Reproduce exactly the line containing "Baby Boys Dad" and each line after it until the listing ends, leaving pictures out.

┄┄┄┄┄┄┄┄┄┄┄┄┄┄┄┄┄┄┄┄

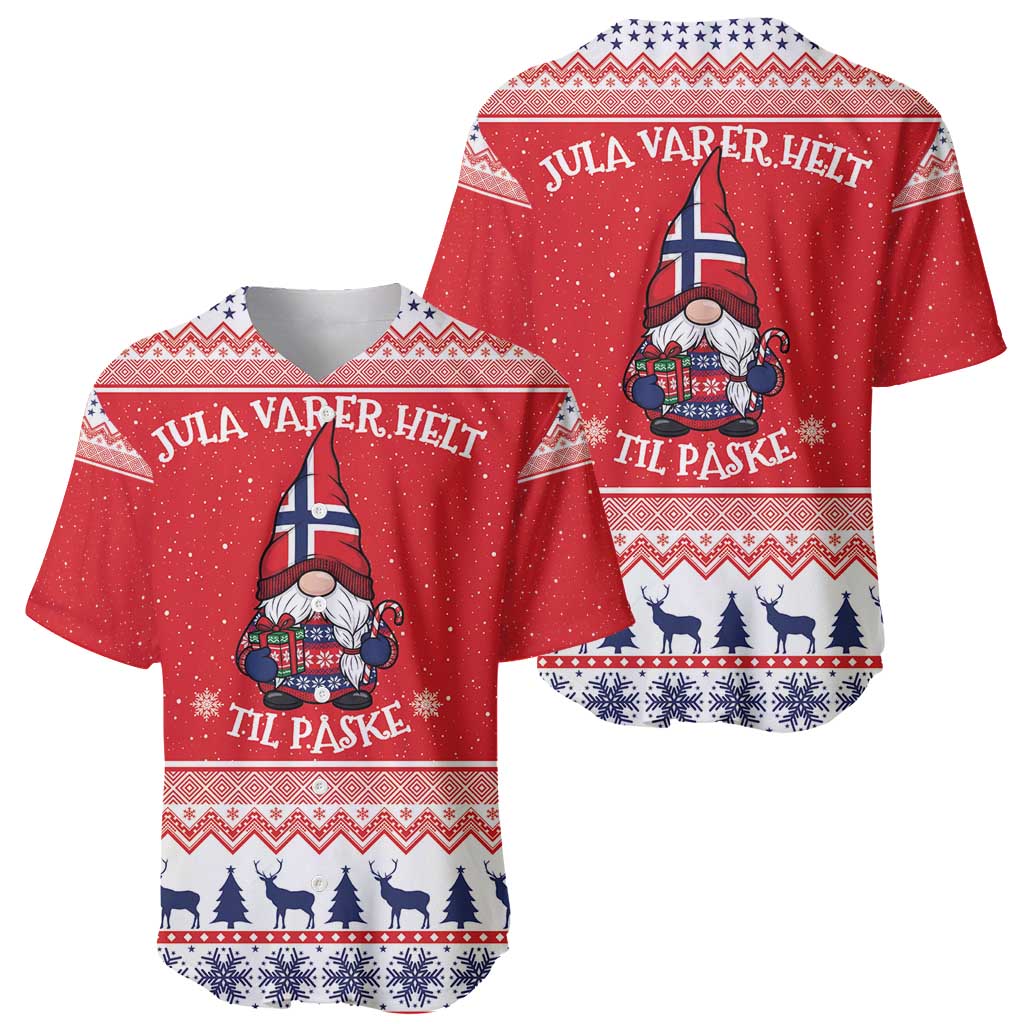 Norway Christmas Baseball Jersey Lovely Nordic Gnome - Wonder Print Shop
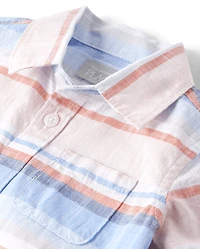 Baby Boys Dad And Me Striped Chambray 2-Piece Outfit Set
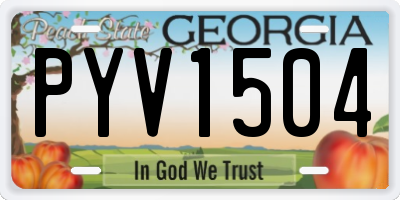 GA license plate PYV1504
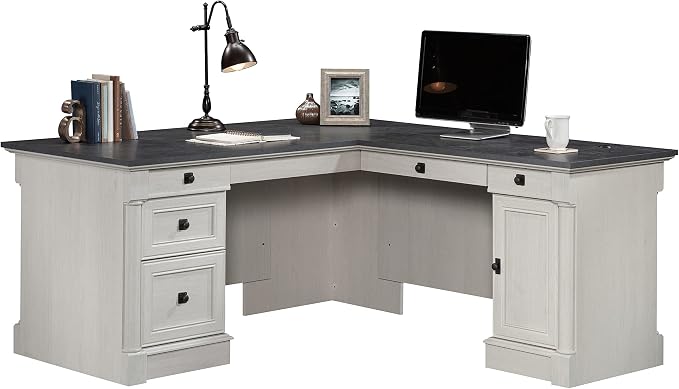 Sauder Palladia L Shaped Desk with Drawers, Office Desk with File Cabinet Storage, Cable Management, Keyboard Tray, in Glacier Oak Finish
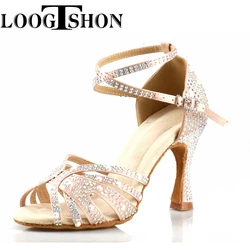 Loogtshon Rhinestone Professional Latin Dance Heel 9ซม.สีชมพู Lady Dance รองเท้า Samba Rumba Cha Cha เต้นรำรองเท้าโปรโมชัน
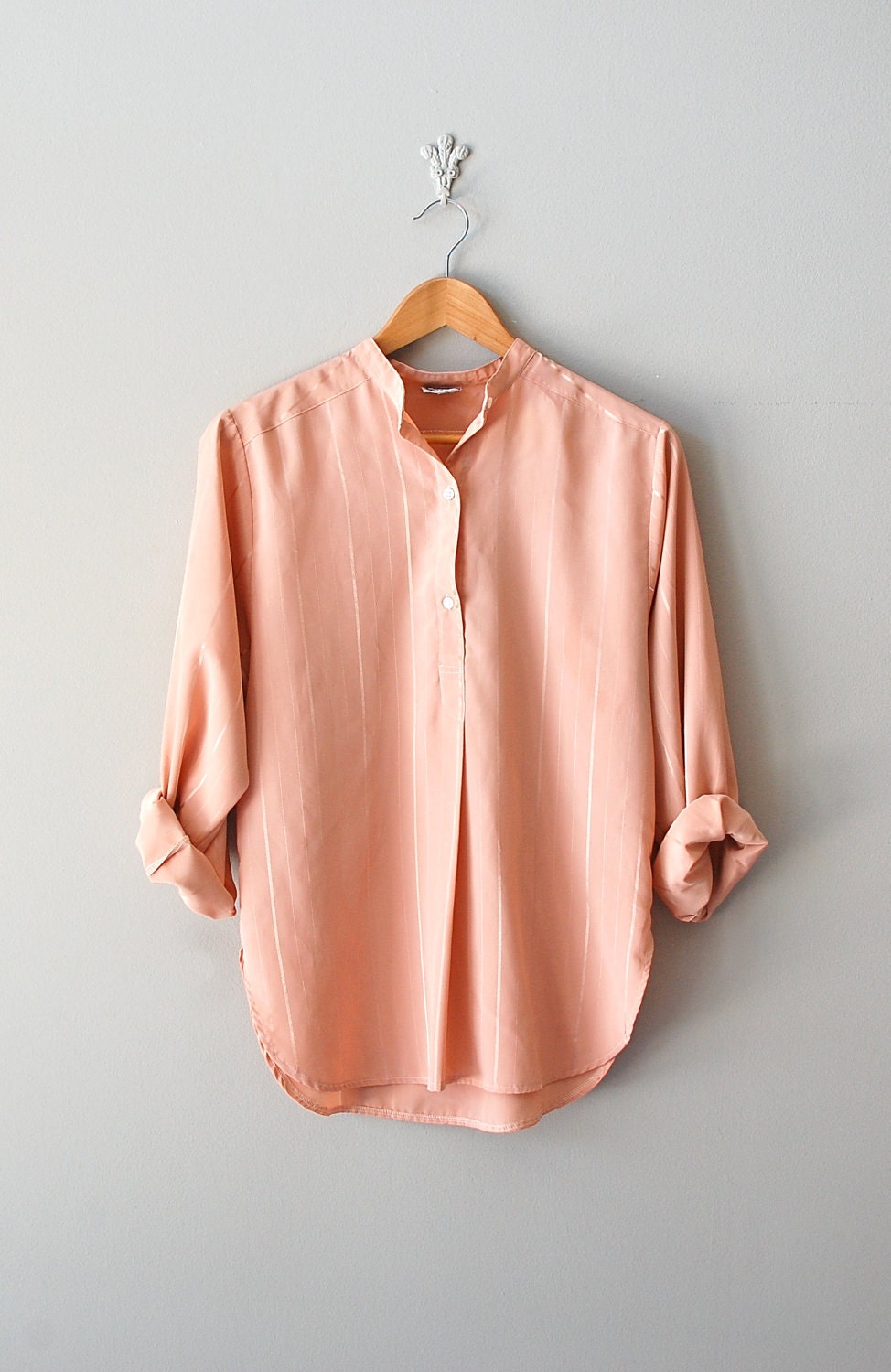 1970s blouse / 70s blush henley tunic / Blush Stripe blouse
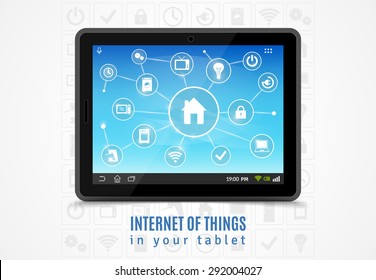 Internet of things concept with realistic mobile tablet and smart home devices symbols vector illustration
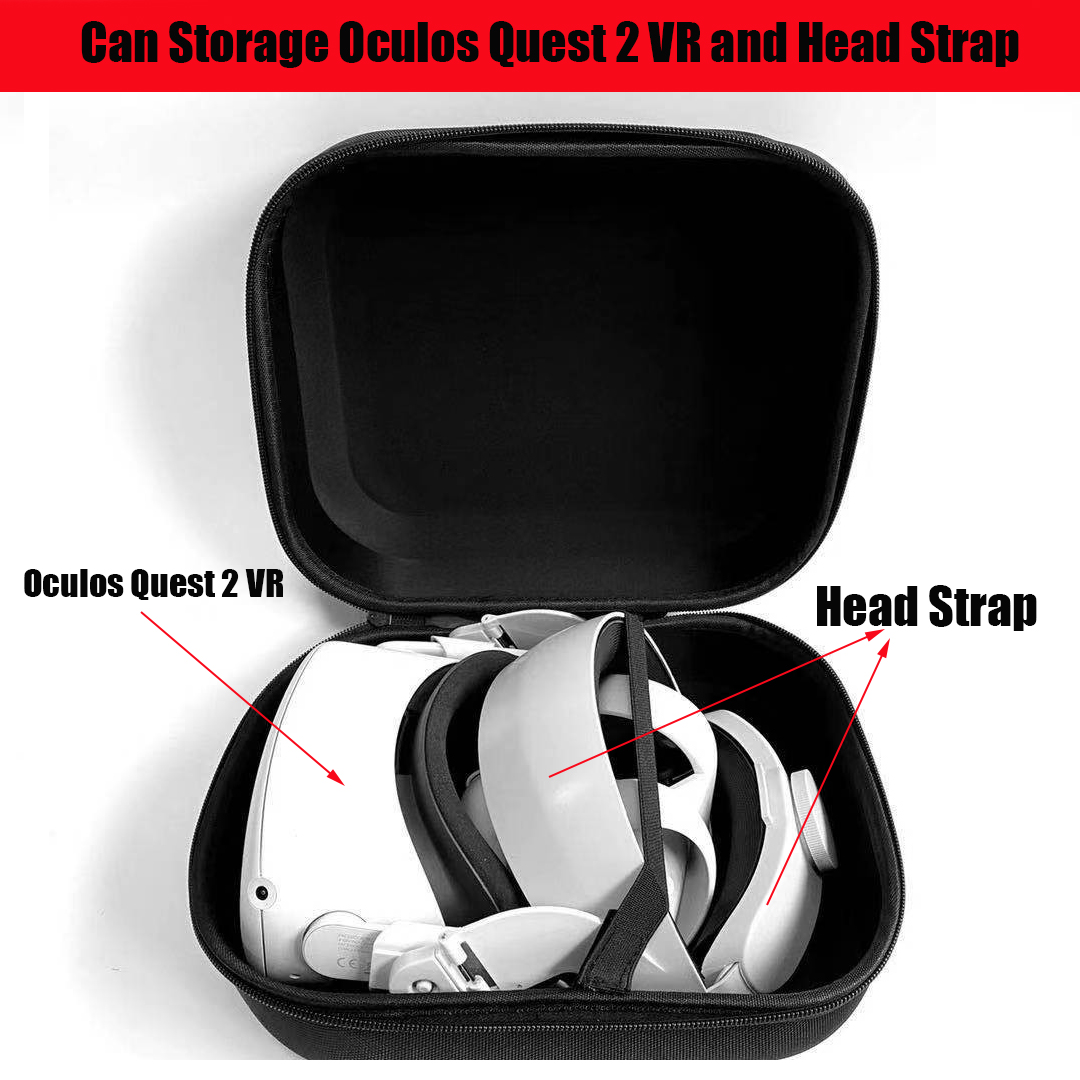 Die oculos quest 2 vr headset-hartschalen-reisetasche aus eva-material kann auch zur aufbewahrung von gomrvr/bobovr  m2 -kopfband, controllern und zubehör verwendet werden.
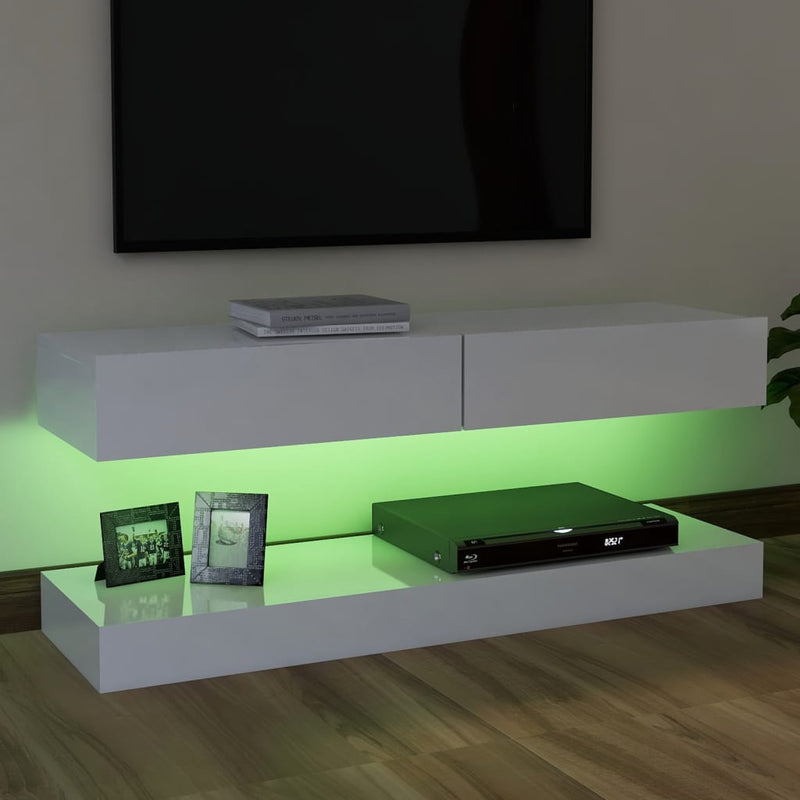 TV Cabinet with LED Lights High Gloss White 120x35 cm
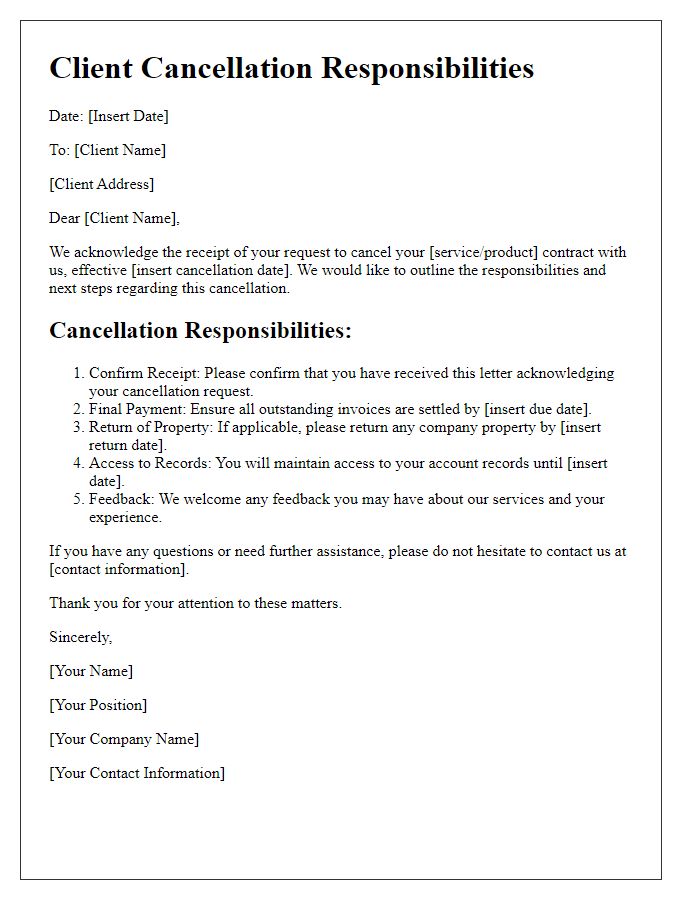 Letter template of client cancellation responsibilities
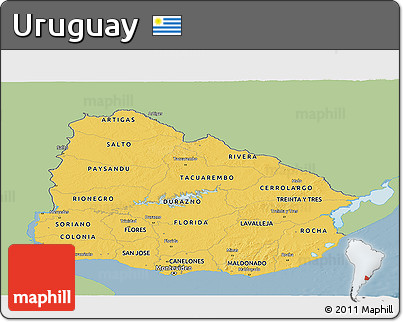 Savanna Style Panoramic Map of Uruguay, single color outside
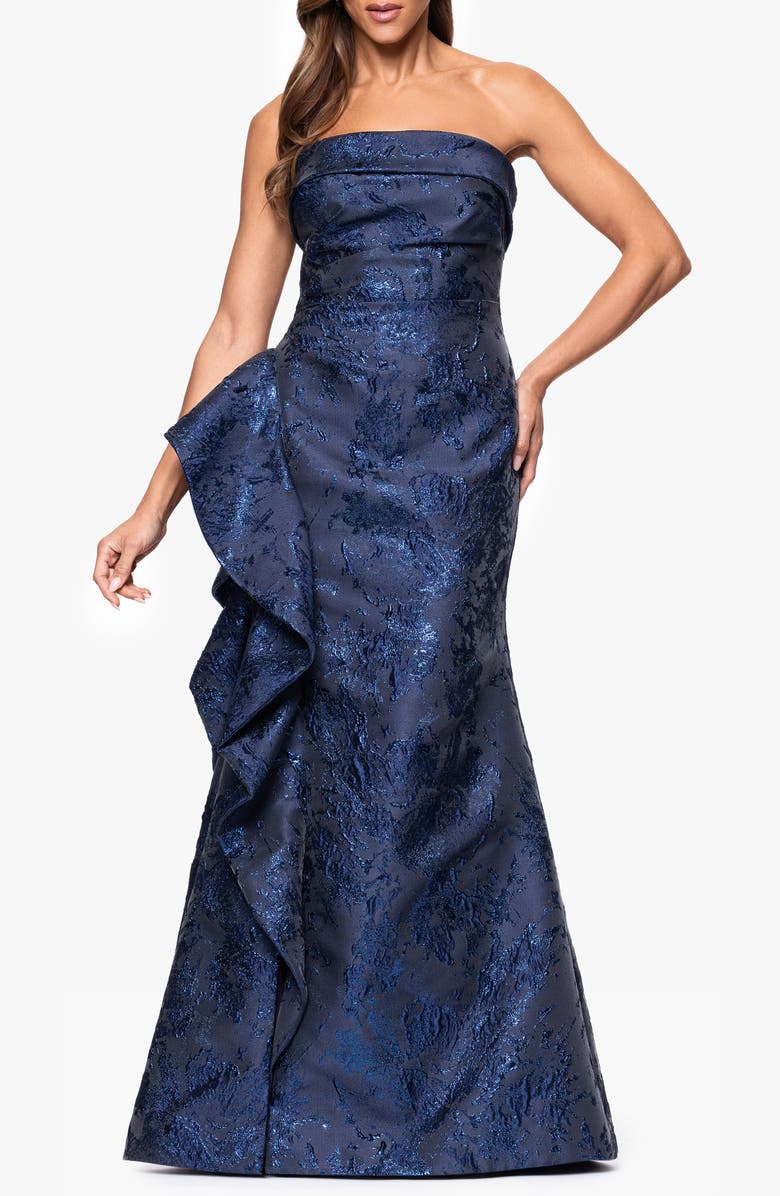 Xscape Evenings Strapless Ruffle Brocade Gown, Main, color, Navy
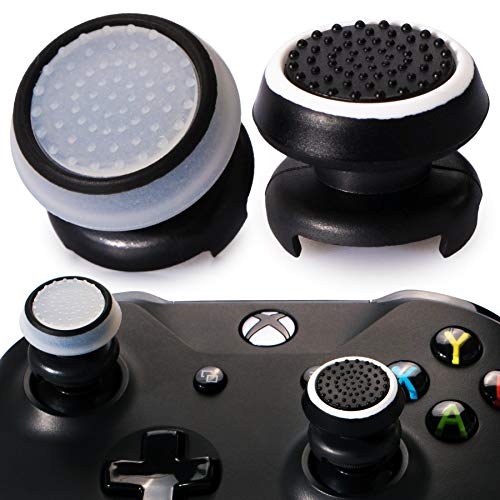 Playrealm FPS Thumbstick Extender & Drucken Gummi Silikon Griffabdeckung Thumb Grip Aufsätze 2 Sätze für Xbox Series X & Xbox One Controller(Schwarz + Weiß) von PlayRealm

┄┄┄┄┄┄┄┄┄┄┄┄┄┄┄┄┄┄┄┄

WRITTEN ANSWER:
 Baby Boys Dad And Me Striped Chambray 2-Piece Outfit Set
 GA license plate PYV1504
 Sauder Palladia L Shaped Desk with Drawers, Office Desk with File Cabinet Storage, Cable Management, Keyboard Tray, in Glacier Oak Finish
 Loogtshon Rhinestone Professional Latin Dance Heel 9ซม.สีชมพู Lady Dance รองเท้า Samba Rumba Cha Cha เต้นรำรองเท้าโปรโมชัน
 1970s blouse / 70s blush henley tunic / Blush Stripe blouse
 Internet of things concept with realistic mobile tablet and smart home devices symbols vector illustration
 Die oculos quest 2 vr headset-hartschalen-reisetasche aus eva-material kann auch zur aufbewahrung von gomrvr/bobovr  m2 -kopfband, controllern und zubehör verwendet werden.
 TV Cabinet with LED Lights High Gloss White 120x35 cm
 Letter template of client cancellation responsibilities
 Savanna Style Panoramic Map of Uruguay, single color outside
 Xscape Evenings Strapless Ruffle Brocade Gown, Main, color, Navy
 Playrealm FPS Thumbstick Extender & Drucken Gummi Silikon Griffabdeckung Thumb Grip Aufsätze 2 Sätze für Xbox Series X & Xbox One Controller(Schwarz + Weiß) von PlayRealm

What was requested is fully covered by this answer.